■ Task description: A faithful copy of each entry below is expected, with the images removed.

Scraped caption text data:
'''

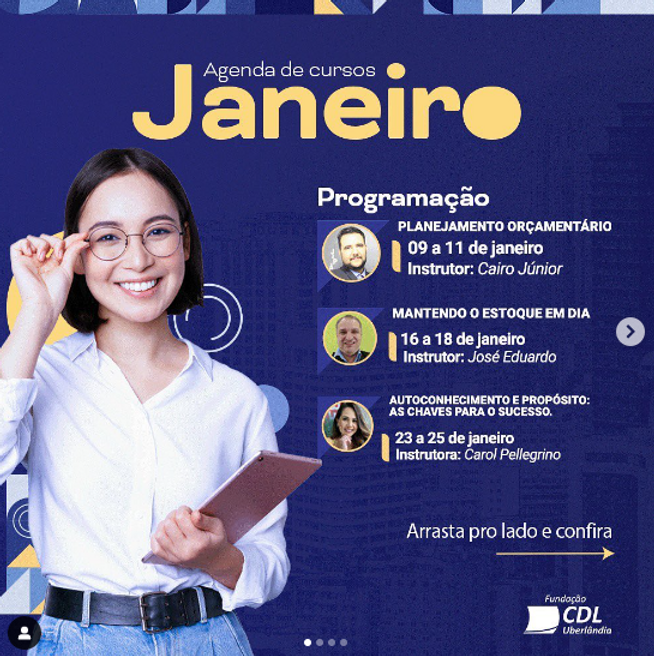 Comece 2023 se qualificando profissionalmente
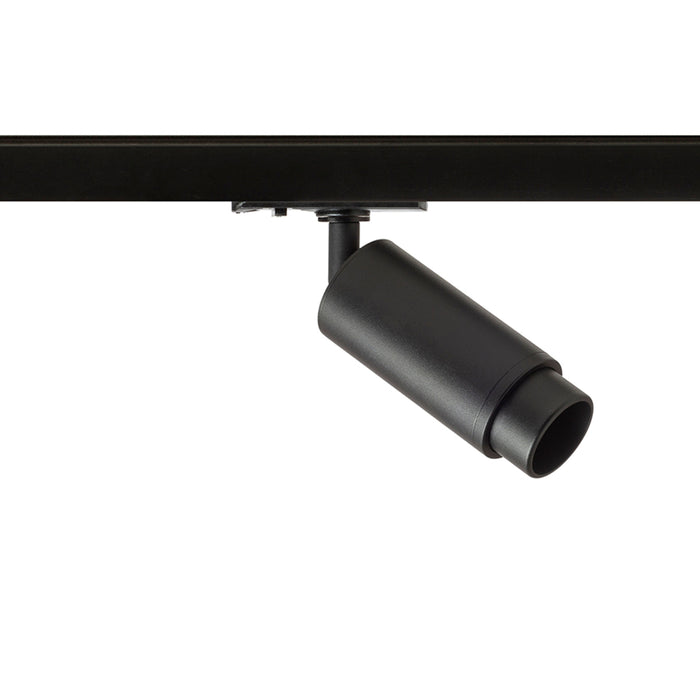 RENDL 1-circuit track system OPTIMUS for 1-circuit tracks black 230V LED GU10 9W 10 50° R13782 1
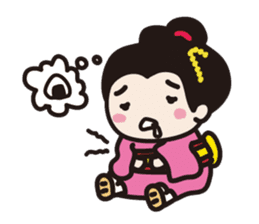 Komusume sticker #6874232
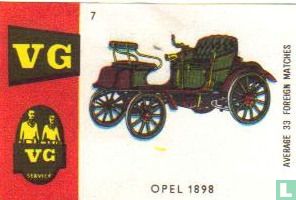opel 1898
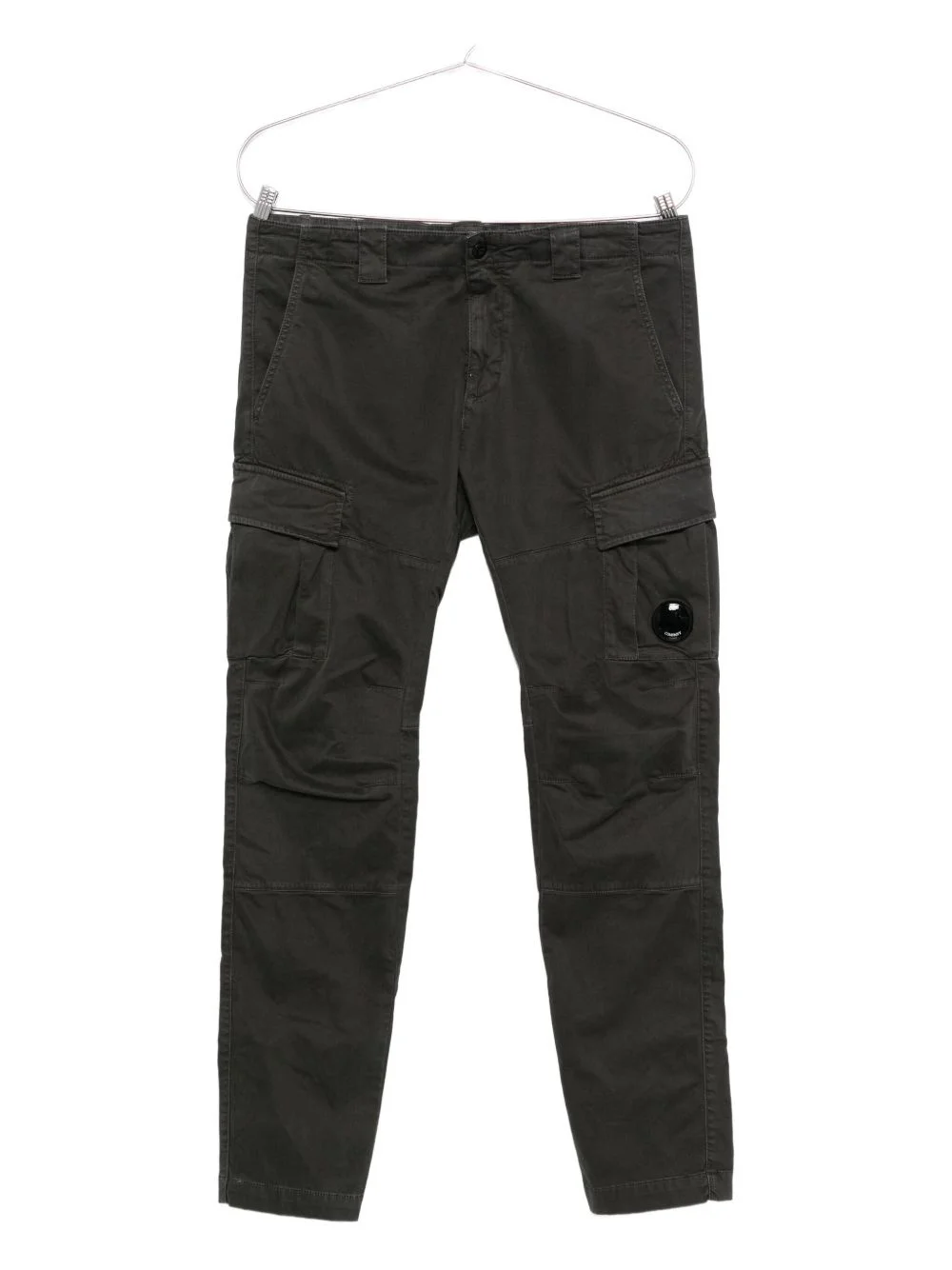 Lens-detail cargo pants - 1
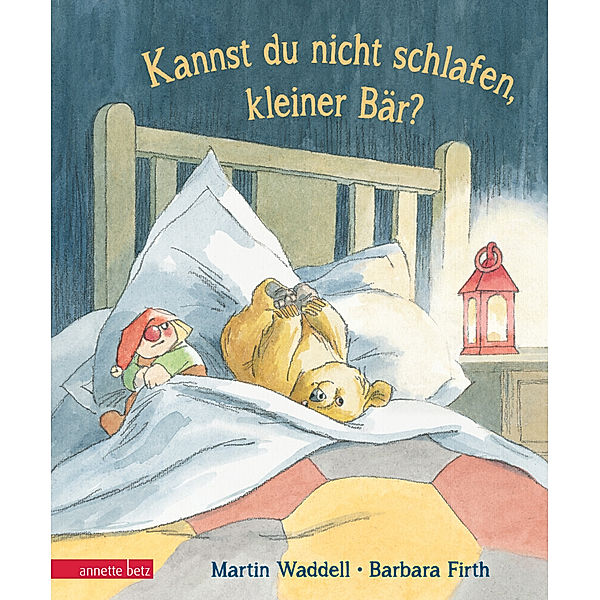 Kannst du nicht schlafen, kleiner Bär?, Martin Waddell, Barbara Firth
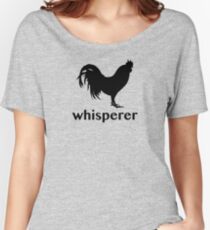 Rooster Whisperer Women's Relaxed Fit T-Shirt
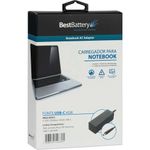 Carregador para Notebook USB-C BestBattery 5-20V 3A 45W - BB20-BD65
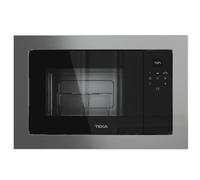 HORNO MICROONDAS INTEGRABLE TEKA MS 6200 BIS INOX 20 LITROS CON GRILL INOX MS 6200 BIS INOX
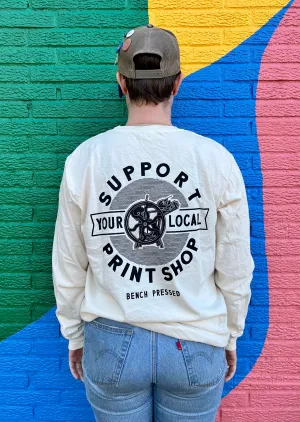 Local Print Shop Long Sleeve T-shirt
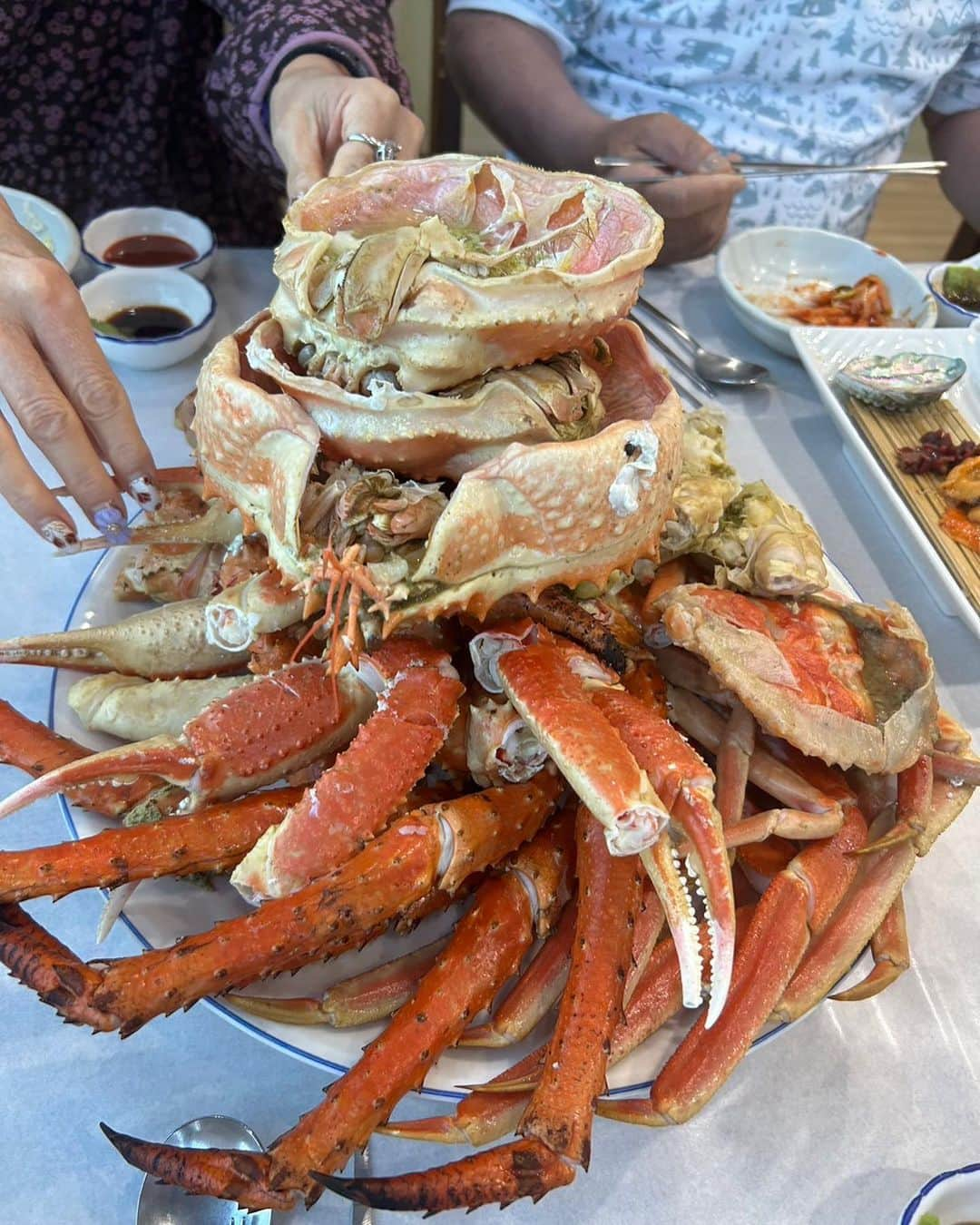 岩本初恵さんのインスタグラム写真 - (岩本初恵Instagram)「韓国🇰🇷 三日間の旅  ふわふわパンケーキ 学んで ふわふわかき氷 学んできました  いよいよ 唐津愛しとーとごはん でも 7月8日から スタートします  五ケ山豆腐が入って グルテンフリーで ふわふわパンケーキ  ふわふわかき氷は 韓国の機械で ふわふわ  7月8日11時 オープン 食べに来てね  写真映え🤳 狙ってます  #韓国 #ふわふわパンケーキ  #ふわふわかき氷 #食べすぎました #美味しい #愛しとーと #グルテンフリー」7月2日 12時03分 - hatsue_iwamoto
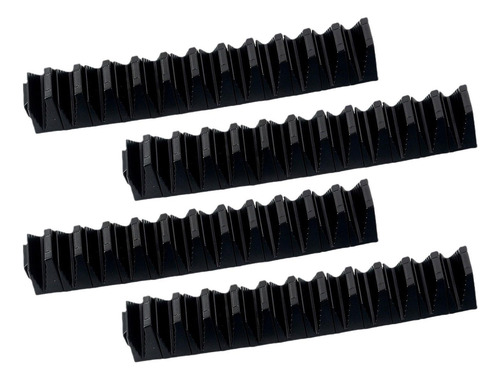 Soporte De Llave De Llave De Llave De 48 Unidades Negras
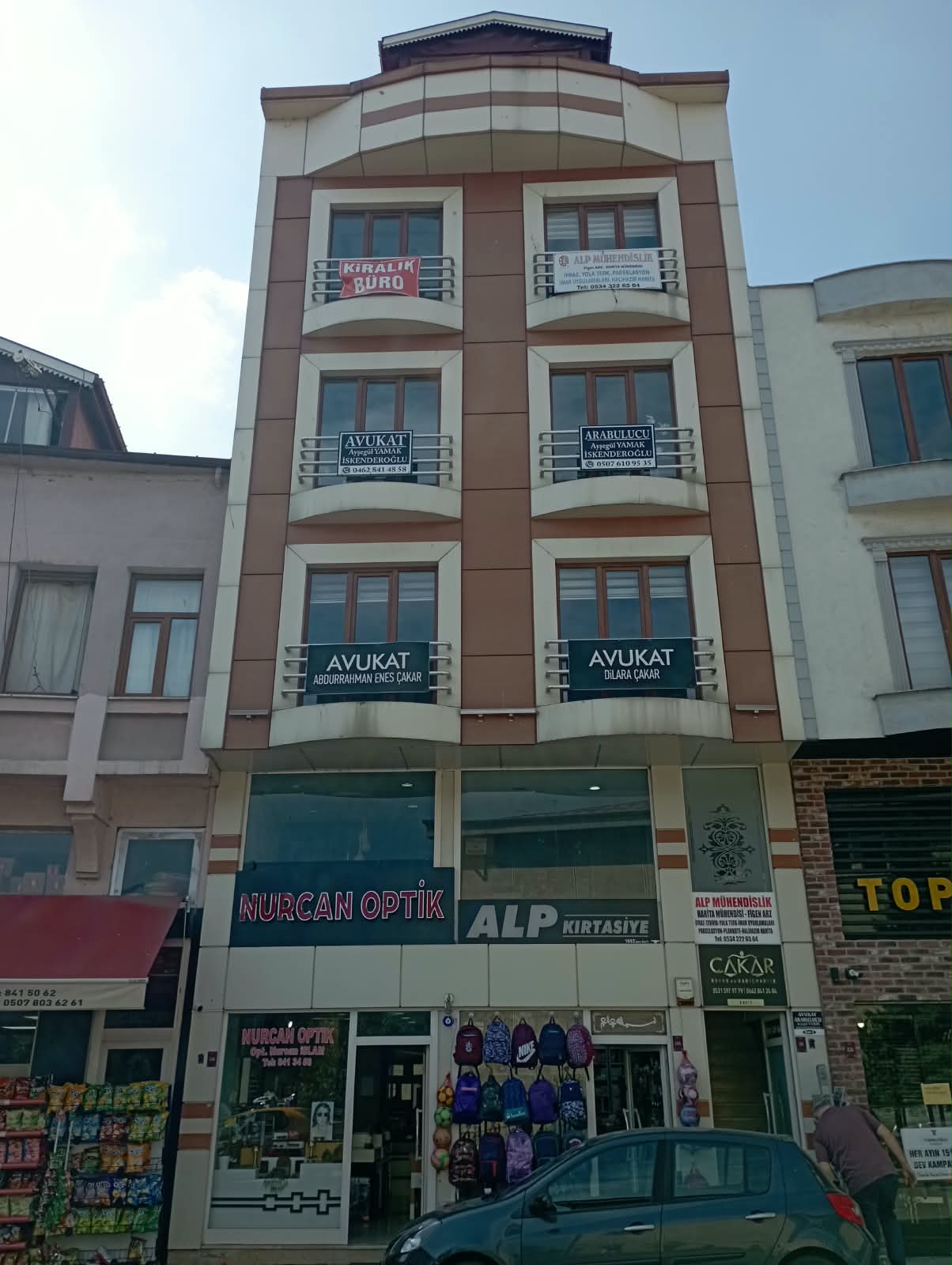 MABEL'DEN VAKFIKEBİR CADDE ÜZERİ KİRALIK OFİS&BÜRO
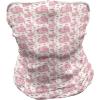 Ambesonne Unisex Multicolor Face and Neck Warmers(Peonies English Roses)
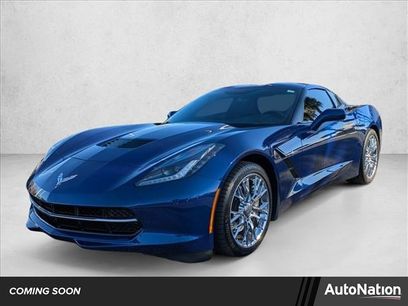 Used 2017 Chevrolet Corvette Stingray Coupe w/ 1LT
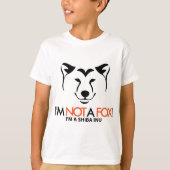 Shiba Inu T-shirt (Voorkant)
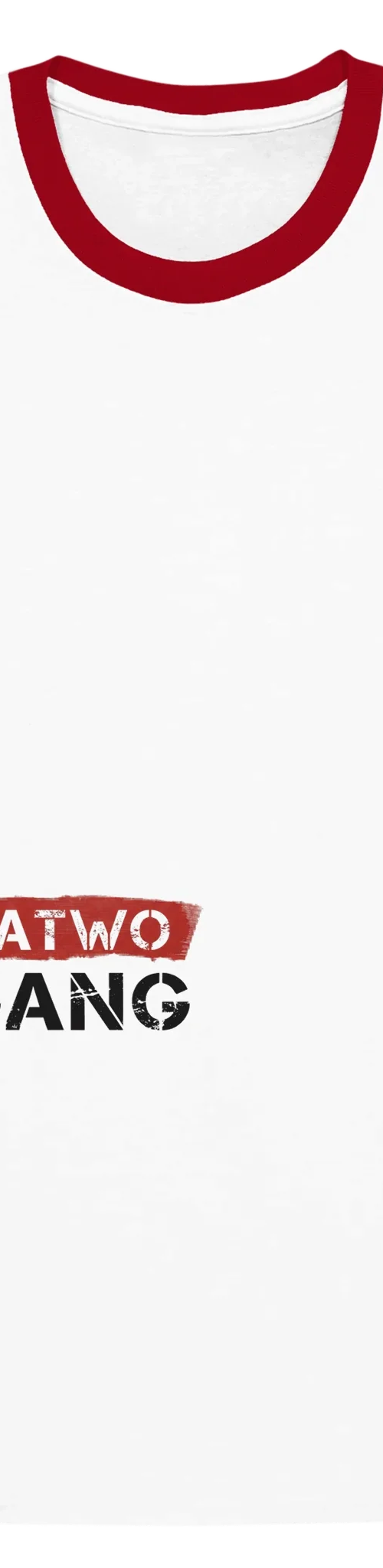 ŁATWOGANG drop 23 — Koszulka Ringer Kontrast - ŁATWOGANG™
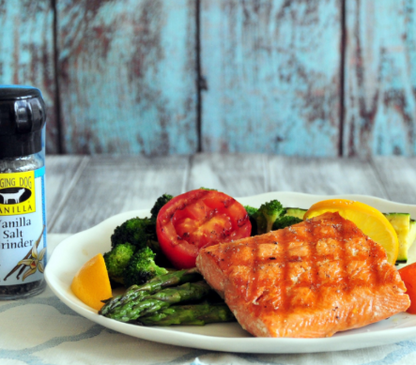 Organic Vanilla Salt/grinder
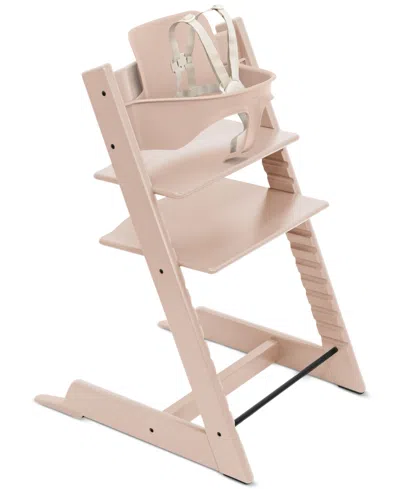 Stokke Baby Tripp Trapp Highchair In Pink
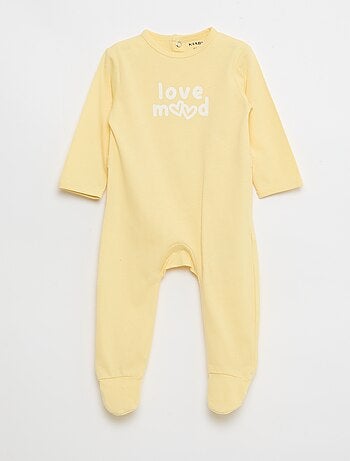 Pyjama met lange mouwen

'''

■ Exercise result:
 Comece 2023 se qualificando profissionalmente
 RENDL 1-circuit track system OPTIMUS for 1-circuit tracks black 230V LED GU10 9W 10 50° R13782 1
 Komusume sticker #6874232
opel 1898
 Lens-detail cargo pants - 1
 Kannst du nicht schlafen, kleiner Bär?, Martin Waddell, Barbara Firth
 Rooster Whisperer Women's Relaxed Fit T-Shirt
 Carregador para Notebook USB-C BestBattery 5-20V 3A 45W - BB20-BD65
 HORNO MICROONDAS INTEGRABLE TEKA MS 6200 BIS INOX 20 LITROS CON GRILL INOX MS 6200 BIS INOX
 Local Print Shop Long Sleeve T-shirt
 岩本初恵さんのインスタグラム写真 - (岩本初恵Instagram)「韓国🇰🇷 三日間の旅  ふわふわパンケーキ 学んで ふわふわかき氷 学んできました  いよいよ 唐津愛しとーとごはん でも 7月8日から スタートします  五ケ山豆腐が入って グルテンフリーで ふわふわパンケーキ  ふわふわかき氷は 韓国の機械で ふわふわ  7月8日11時 オープン 食べに来てね  写真映え🤳 狙ってます  #韓国 #ふわふわパンケーキ  #ふわふわかき氷 #食べすぎました #美味しい #愛しとーと #グルテンフリー」7月2日 12時03分 - hatsue_iwamoto
 Soporte De Llave De Llave De Llave De 48 Unidades Negras
 MABEL'DEN VAKFIKEBİR CADDE ÜZERİ KİRALIK OFİS&BÜRO
 Ambesonne Unisex Multicolor Face and Neck Warmers(Peonies English Roses)
 Used 2017 Chevrolet Corvette Stingray Coupe w/ 1LT
 Shiba Inu T-shirt (Voorkant)
 ŁATWOGANG drop 23 — Koszulka Ringer Kontrast - ŁATWOGANG™
 Organic Vanilla Salt/grinder
 Stokke Baby Tripp Trapp Highchair In Pink
 Pyjama met lange mouwen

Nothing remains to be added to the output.